§ What you need to do
Drop the images, then output the listing exactly.

'''

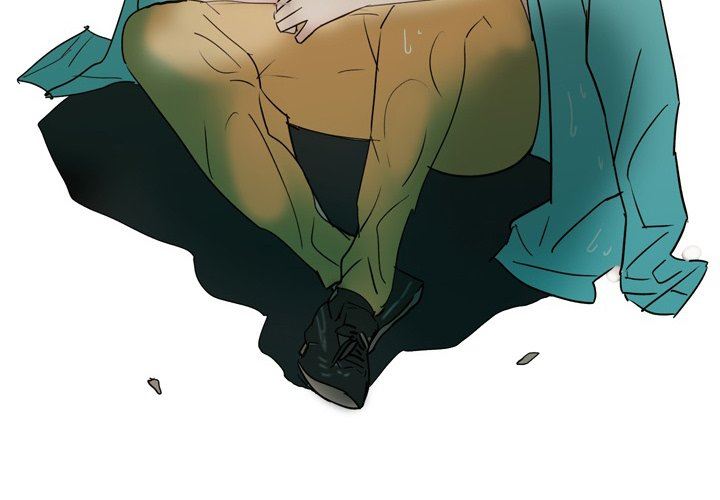 情事物语Fantasy第14话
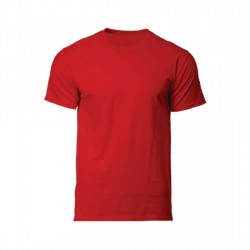 Casual T-Shirt for Corporate Wear
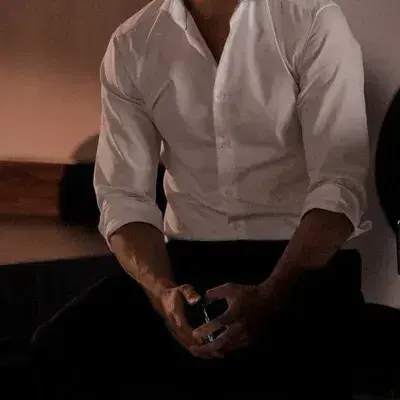 RudeClean0525의 Dominant boyfriend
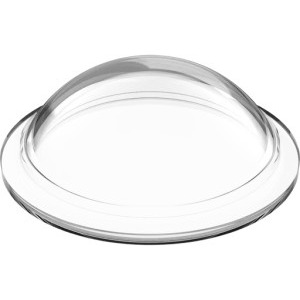 Axis M30-PLVE Clear Dome A 01567-001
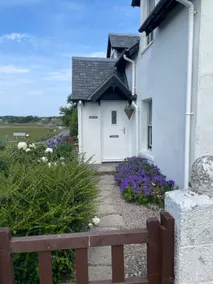 Achnaskia Croft House - Image 3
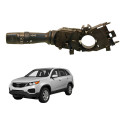 Comando Chave Seta Sorento 2.4 Ex2 2012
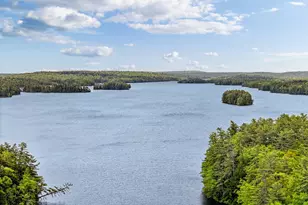 558 Castle Island Rd, Mount Vernon, ME 04352 - Photo 111
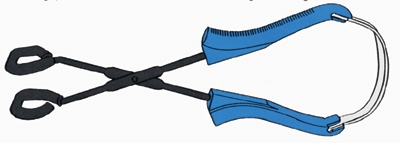 Multigrip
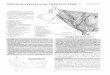 NERVES & VESSELS of the THORACIC LIMB - 1 II Thoracic Limb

'''

§ The answer
 情事物语Fantasy第14话
 Casual T-Shirt for Corporate Wear
 RudeClean0525의 Dominant boyfriend
 Axis M30-PLVE Clear Dome A 01567-001
 Achnaskia Croft House - Image 3
 Comando Chave Seta Sorento 2.4 Ex2 2012
 558 Castle Island Rd, Mount Vernon, ME 04352 - Photo 111
 Multigrip
 NERVES & VESSELS of the THORACIC LIMB - 1 II Thoracic Limb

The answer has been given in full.